An der Eröffnung nahm auch Wirtschaftsministerin Katherina Reiche (CDU) - zumindest kurz zwischen Haushaltsberatungen und Koalitionsgesprächen - teil. Sie betonte, dass Deutschland von dem äußerst lebendigen Geschäftsklima des baltischen Staates lernen könne. Estland sei ein Pionier der digitalen Innovation, nicht nur im privaten Unternehmenssektor sondern auch in Bezug auf seine Regierungsinstitutionen. So laufen die Kabinettssitzungen dort seit Jahr und Tag papierlos ab, Behördenleistungen sind nach estnischen Angaben komplett digitalisiert. Deutschland müsse, so Reiche, um seine Wettbewerbsfähigkeit zu erhöhen, noch einige Hausaufgaben machen und seine internen Reformen vorantreiben. Gefragt sei aber auch die EU-Kommission, die Bürokratie verringern, weniger Lasten auferlegen und schneller entscheiden müsse.
Der Berliner Hub ist bewusst wie die anderen internationalen Zentren eng mit der Botschaft verbunden und soll demonstrieren, wie sehr die estnische Regierung ihre Unternehmen dabei unterstützt, auf internationalen Märkten sichtbarer zu werden.
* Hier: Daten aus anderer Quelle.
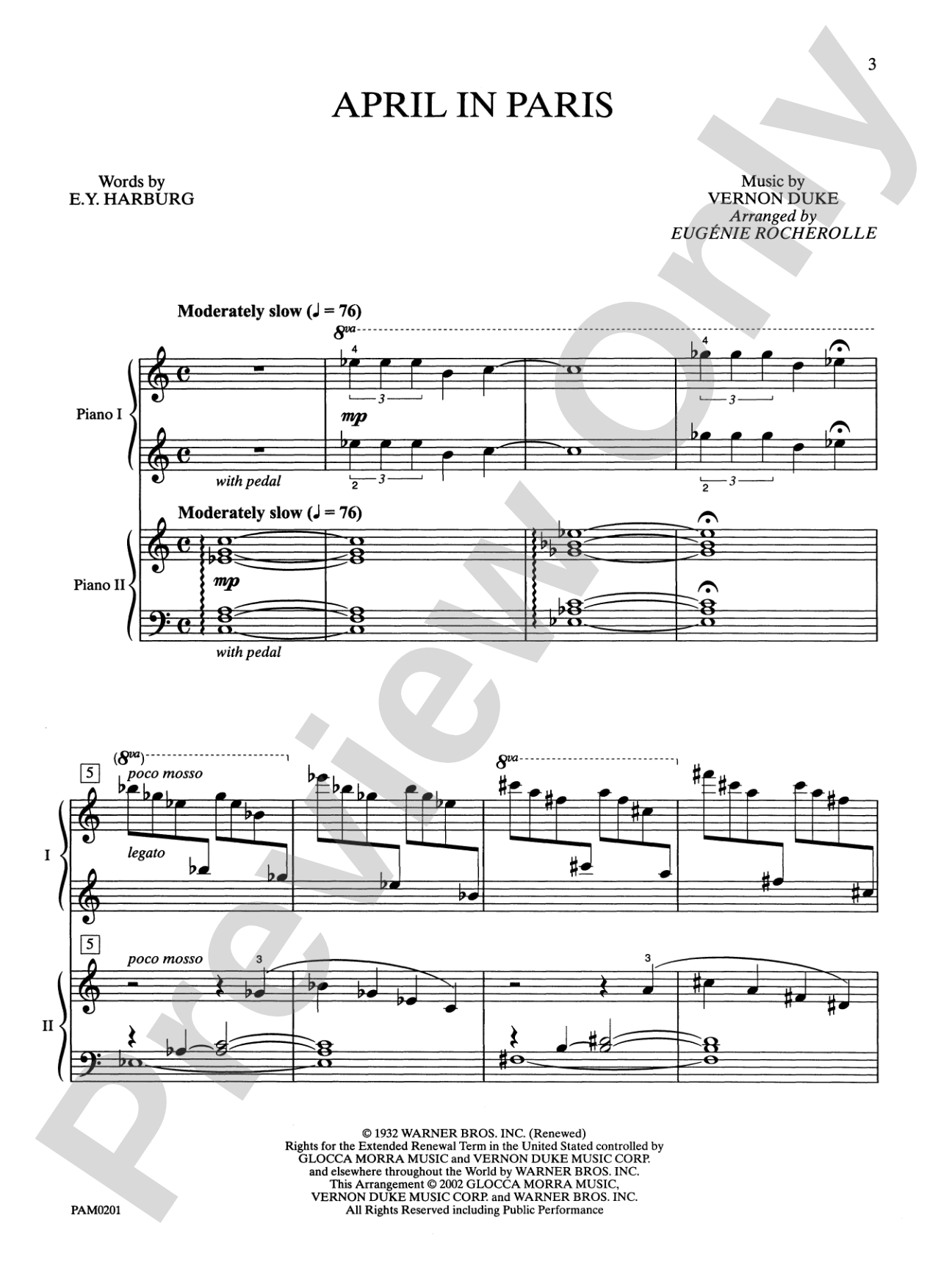 April in Paris - Piano Duo (2 Pianos, 4 Hands): Piano Duets & Four Hands
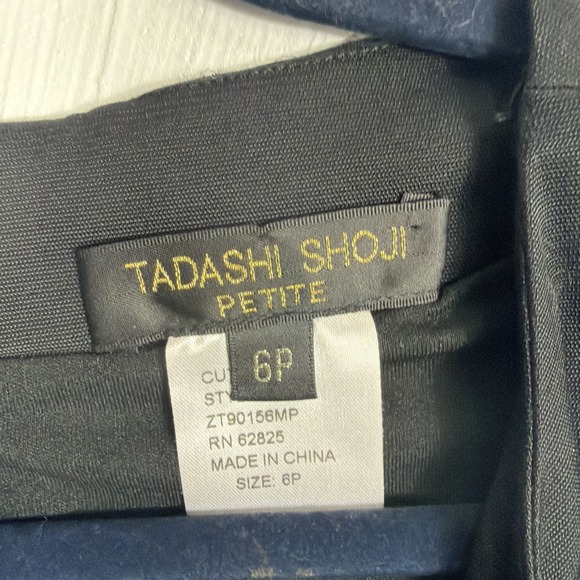 Tadashi Shoji Black Cocktail Dress with Broche Womens Size 6P - Picture 6 of 9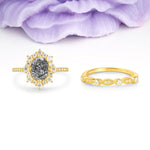Minimal Polished Inner Band Two In One Oval Cut Halo Vintage Lace Stackable Black Rutilated Quartz Bridal ring set - Yellow-Gold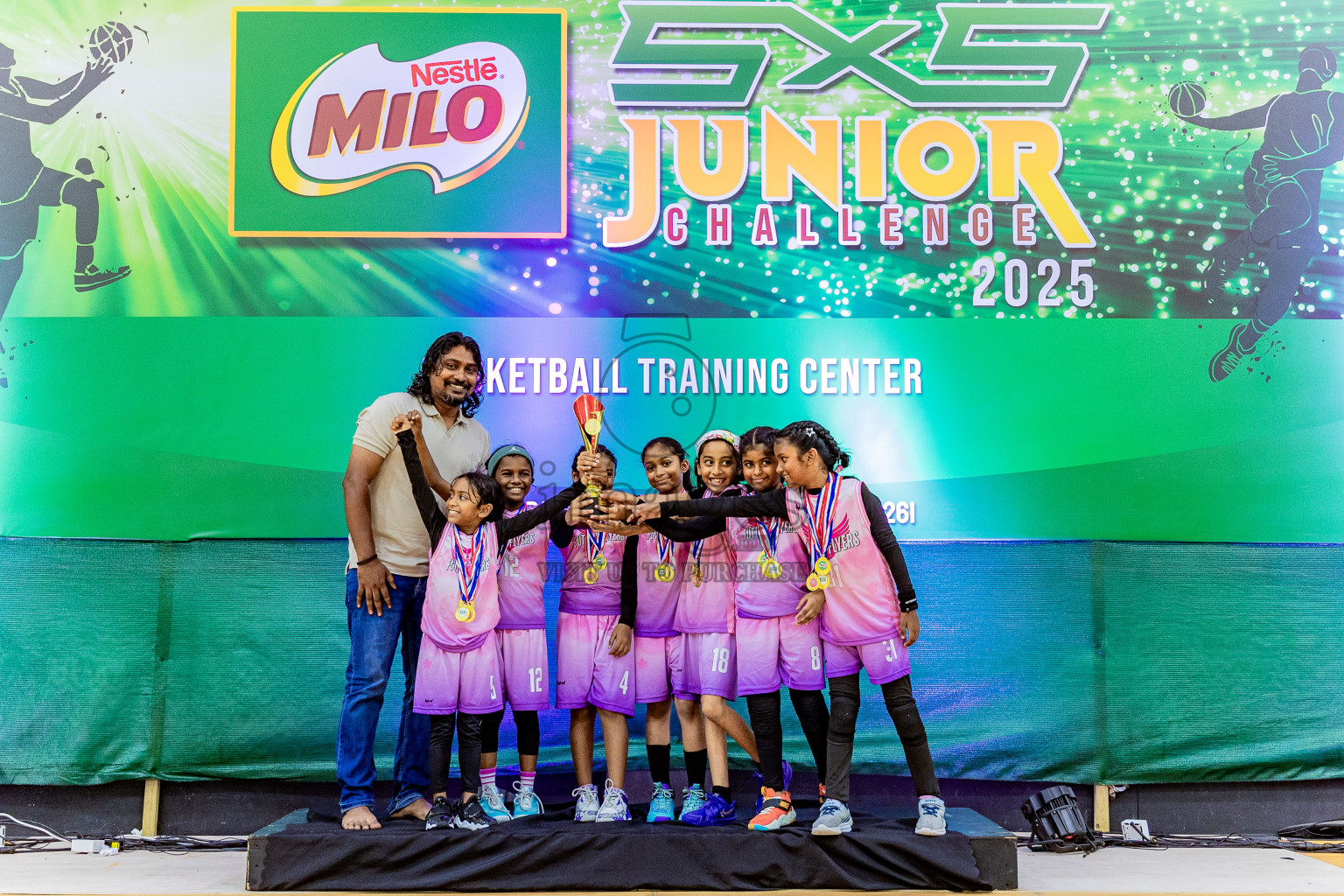 Day 3 of Milo 5 x 5 Junior Challenge 2025 - Basketball tournament held in Basketball Training Center, Male', Maldives on Saturday, 11th October 2025. Photos by: Nausham Waheed, Areef Adam / Images.mv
Als Beispiel nannte Botschafterin Marika Linntam Singapur, wo das estnische Unternehmen CryptoSwift die Räumlichkeiten der Botschaft während der internationalen Blockchain-Konferenz Token2049 für ein exklusives Networking-Event mit Branchenführern nutzte. In Washington fand das Verteidigungsunternehmen Vegvisir über den örtlichen Business Hub Zugang zu wichtigen Regierungsinstitutionen und konnte eine nordamerikanische Entwicklungspartnerschaft aufbauen. Auch in Berlin sind Seminare, Workshops und Networking-Veranstaltungen geplant.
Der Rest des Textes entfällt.